▶ YOUR OBJECTIVE: What you produce should be an exact transcription of the data, minus any pictures.

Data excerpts
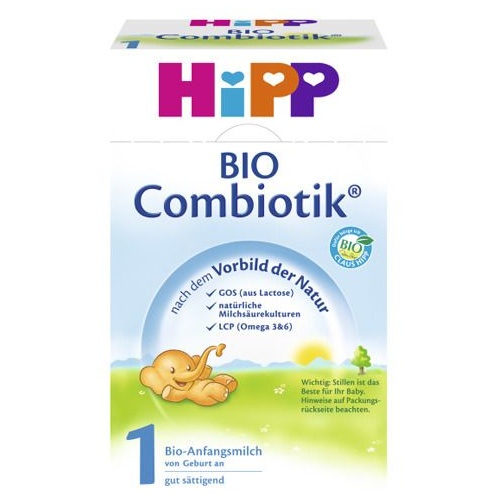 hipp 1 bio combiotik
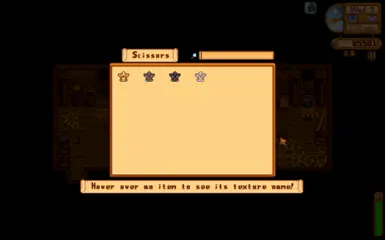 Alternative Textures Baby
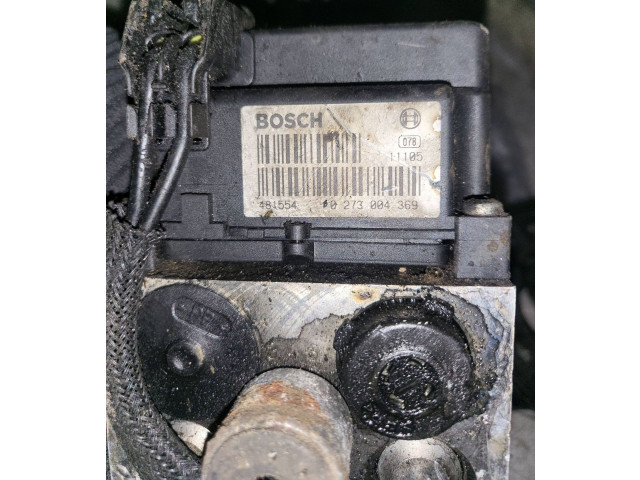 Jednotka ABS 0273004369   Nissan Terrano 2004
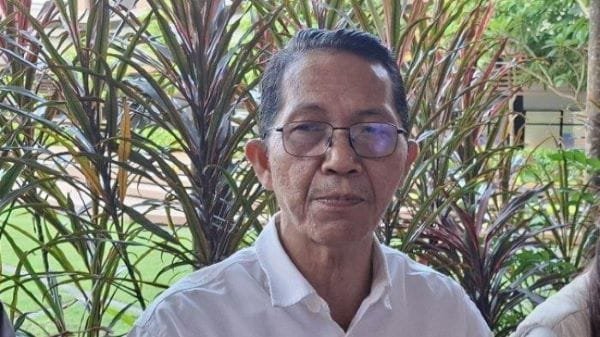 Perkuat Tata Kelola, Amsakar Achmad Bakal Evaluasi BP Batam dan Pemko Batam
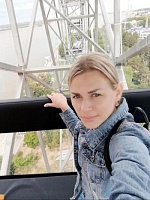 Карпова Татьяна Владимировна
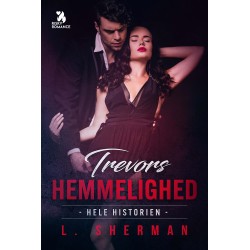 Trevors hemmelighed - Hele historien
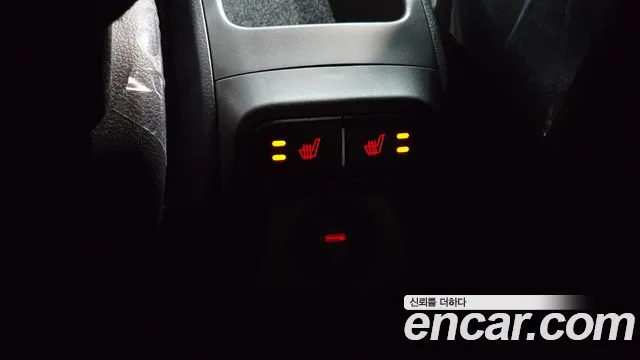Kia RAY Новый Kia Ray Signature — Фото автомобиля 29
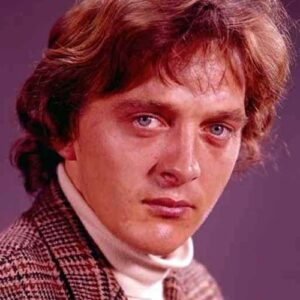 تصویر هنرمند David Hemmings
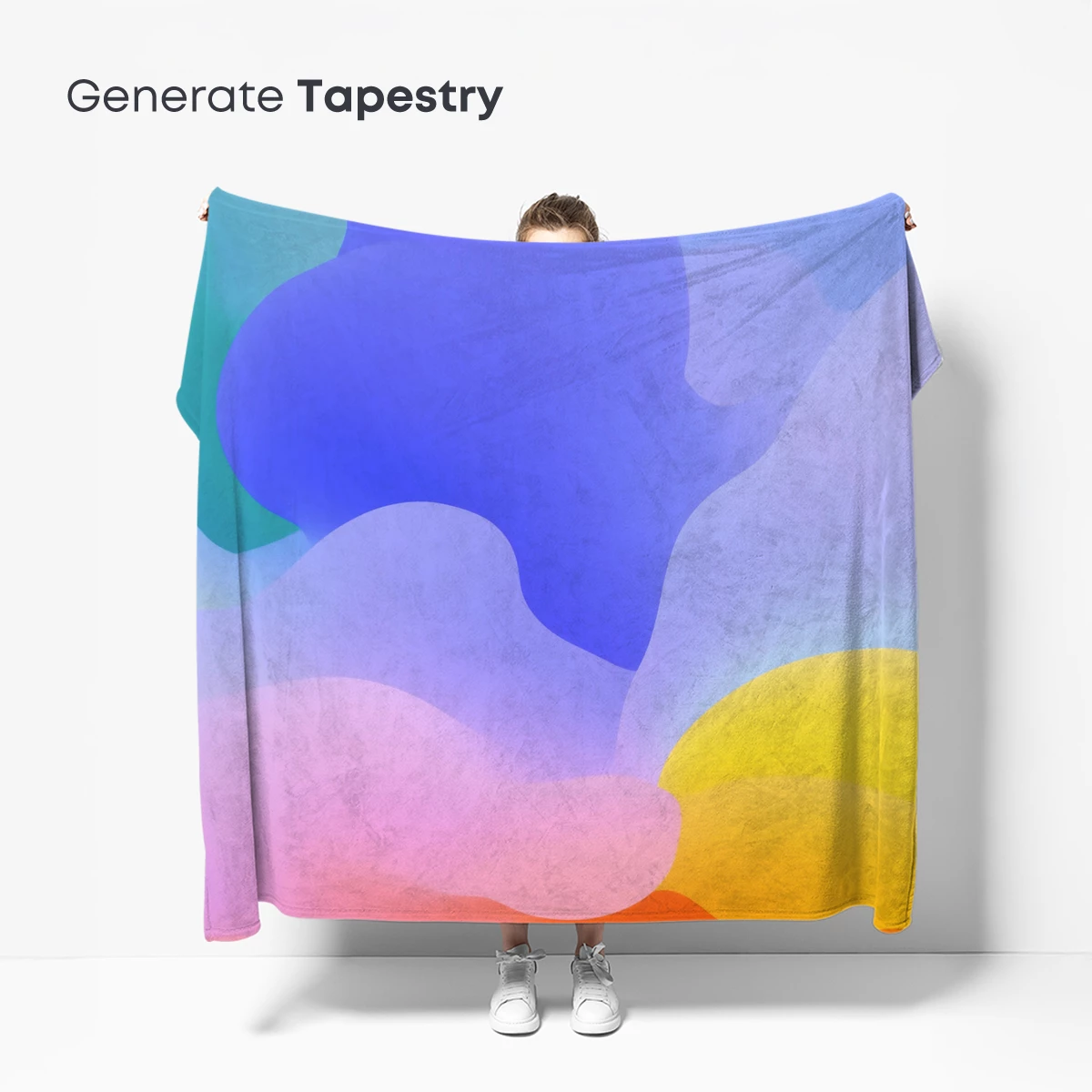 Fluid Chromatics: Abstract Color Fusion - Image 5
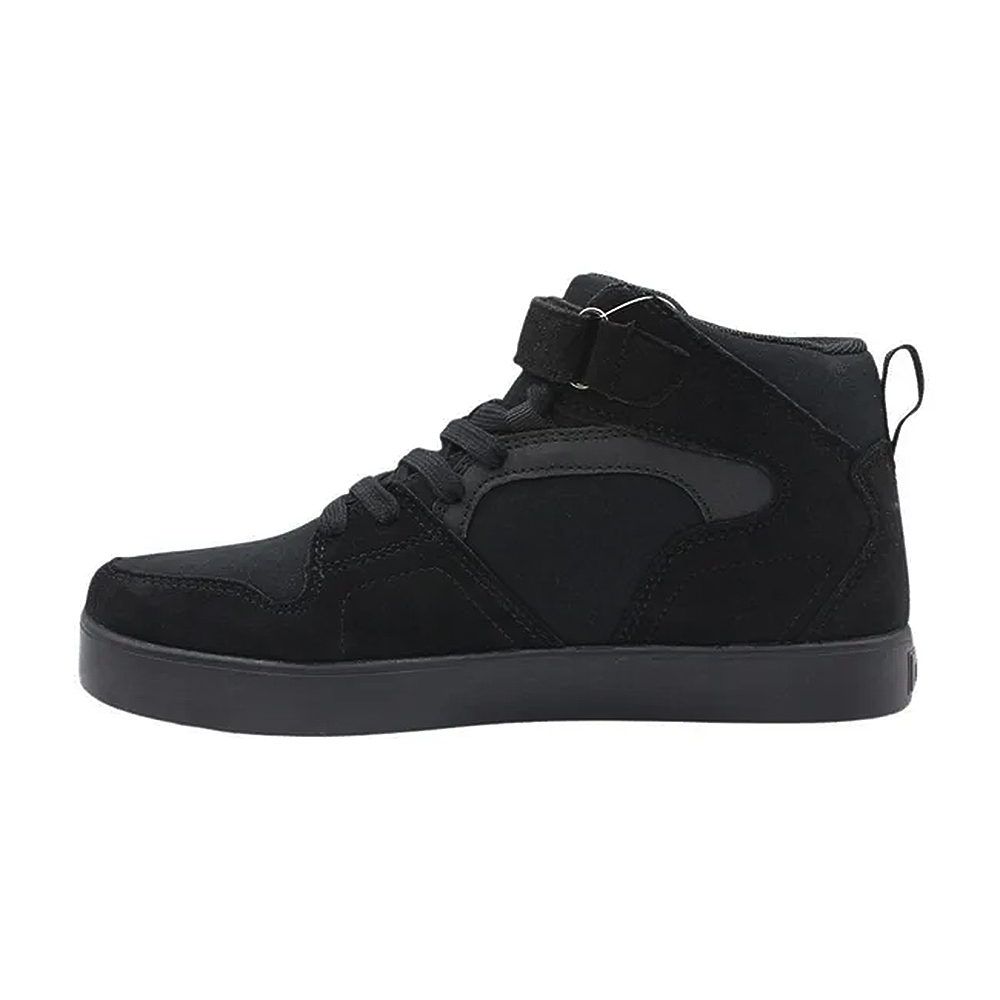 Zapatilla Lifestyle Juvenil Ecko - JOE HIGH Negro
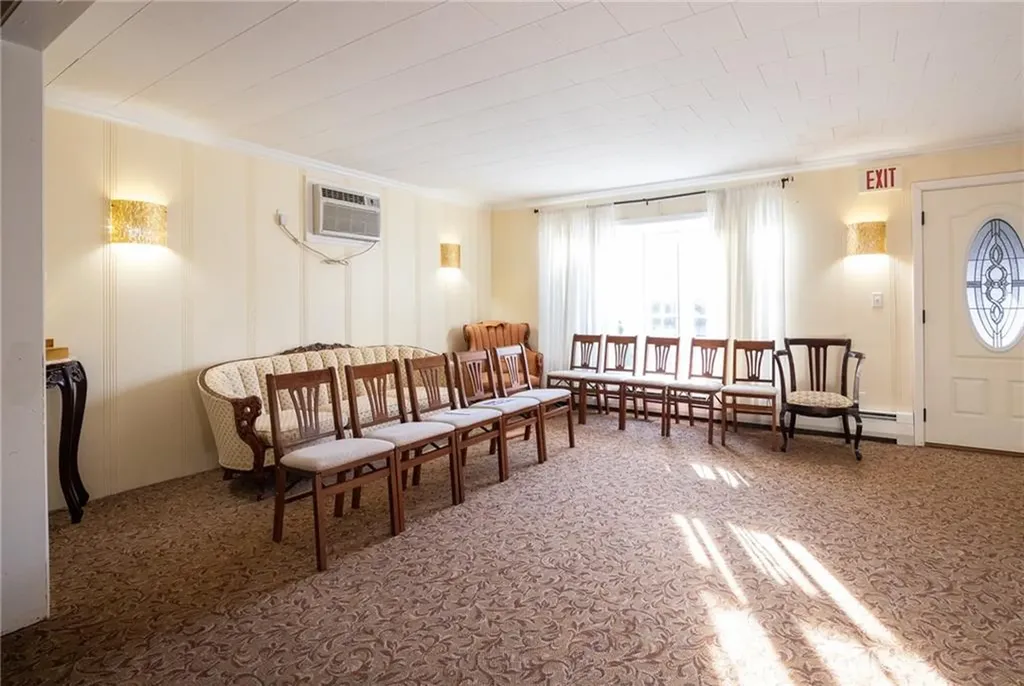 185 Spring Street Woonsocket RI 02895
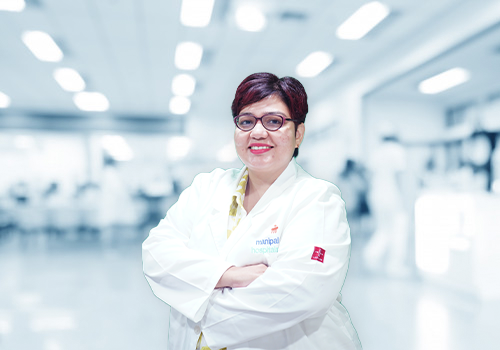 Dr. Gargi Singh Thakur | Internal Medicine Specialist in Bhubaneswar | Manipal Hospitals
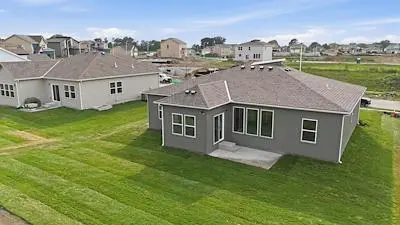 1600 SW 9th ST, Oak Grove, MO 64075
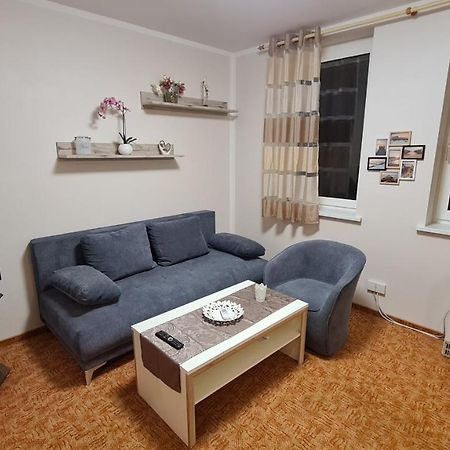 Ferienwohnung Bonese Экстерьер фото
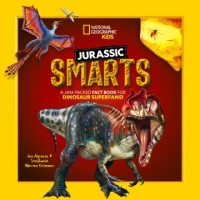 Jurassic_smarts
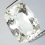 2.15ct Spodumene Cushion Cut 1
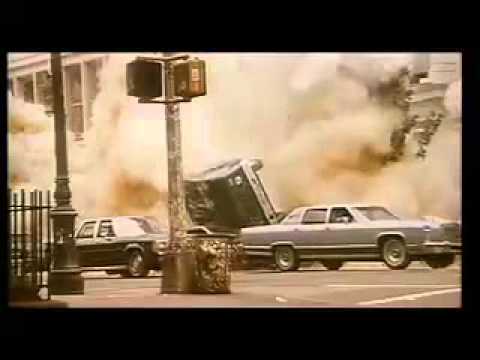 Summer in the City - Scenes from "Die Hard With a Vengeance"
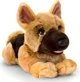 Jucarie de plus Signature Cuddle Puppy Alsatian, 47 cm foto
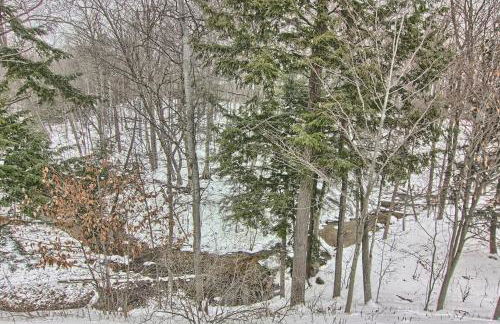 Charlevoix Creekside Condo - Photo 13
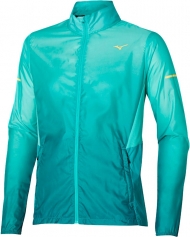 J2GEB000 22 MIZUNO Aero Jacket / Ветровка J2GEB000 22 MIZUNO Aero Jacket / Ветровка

▶ RESPONSE BELOW:
 hipp 1 bio combiotik
 Alternative Textures Baby
 Jednotka ABS 0273004369   Nissan Terrano 2004
 Perkuat Tata Kelola, Amsakar Achmad Bakal Evaluasi BP Batam dan Pemko Batam
 Карпова Татьяна Владимировна
 Trevors hemmelighed - Hele historien
Kia RAY Новый Kia Ray Signature — Фото автомобиля 29
 تصویر هنرمند David Hemmings
 Fluid Chromatics: Abstract Color Fusion - Image 5
 Zapatilla Lifestyle Juvenil Ecko - JOE HIGH Negro
 185 Spring Street Woonsocket RI 02895
 Dr. Gargi Singh Thakur | Internal Medicine Specialist in Bhubaneswar | Manipal Hospitals
 1600 SW 9th ST, Oak Grove, MO 64075
 Ferienwohnung Bonese Экстерьер фото
 Jurassic_smarts
 2.15ct Spodumene Cushion Cut 1
 Summer in the City - Scenes from "Die Hard With a Vengeance"
 Jucarie de plus Signature Cuddle Puppy Alsatian, 47 cm foto
 Charlevoix Creekside Condo - Photo 13
 J2GEB000 22 MIZUNO Aero Jacket / Ветровка J2GEB000 22 MIZUNO Aero Jacket / Ветровка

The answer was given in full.